The Committee Members mentioned that, as a result, the Committee faces criticism for delaying the approval of certain Gazettes. In reality, it is the Ministry that causes these delays by submitting the Gazettes late, leaving the Committee insufficient time for thorough analysis and consideration. The Committee emphatically instructed the officials to ensure that Gazettes intended for consideration are promptly sent to the Committee, without any unnecessary delays, and expressed great dissatisfaction with the current delays.

The aforesaid was stated at the Committee on Public Finance held recently in Parliament, Chaired by Dr. Harsha de Silva when the Committee met to consider and approve a Resolution under the Customs Ordinance, two Orders under the Excise Ordinance and three orders under the Excise (Special Provisions) Act, No. 13 of 1989.

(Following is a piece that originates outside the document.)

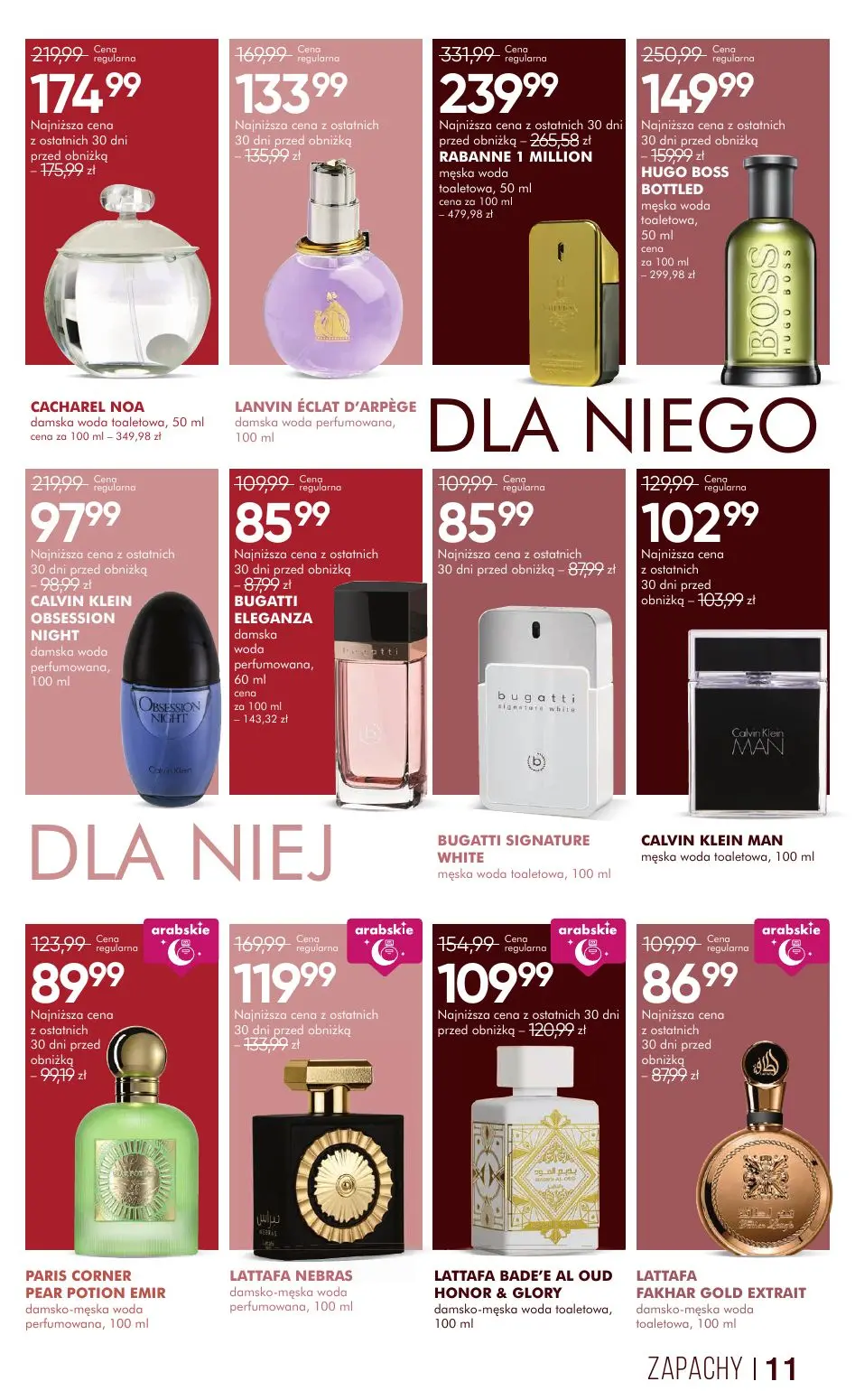gazetka promocyjna SUPER-PHARM Włosy mają moc - Strona 11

The Committee reconsidered Resolutions under Customs Ordinance (Gazette Extraordinary No. 2336/72, 16th June 2023) at its meeting and noted that ‘soap noodles’ are imported for soap production, with a few companies importing palm oil fatty acids. Due to a new customs duty of 24% on palm fatty acids, certain companies are importing palmitic and lauric acids at lower tax rates in order to produce soap noodles. To maintain market price equality and prevent tax revenue loss, a new tax of 29% is proposed to be imposed on these substituted acids, now categorized under a new HS code. Evidently, the Committee noted its concern regarding the policy inconsistency related to this gazette, as the general policy for importation of raw materials is to implement lower taxes than finished or semi-finished products. However, the Gazette detailing the introduction of new HS codes for these derivatives was approved by the Committee on Public Finance upon further review.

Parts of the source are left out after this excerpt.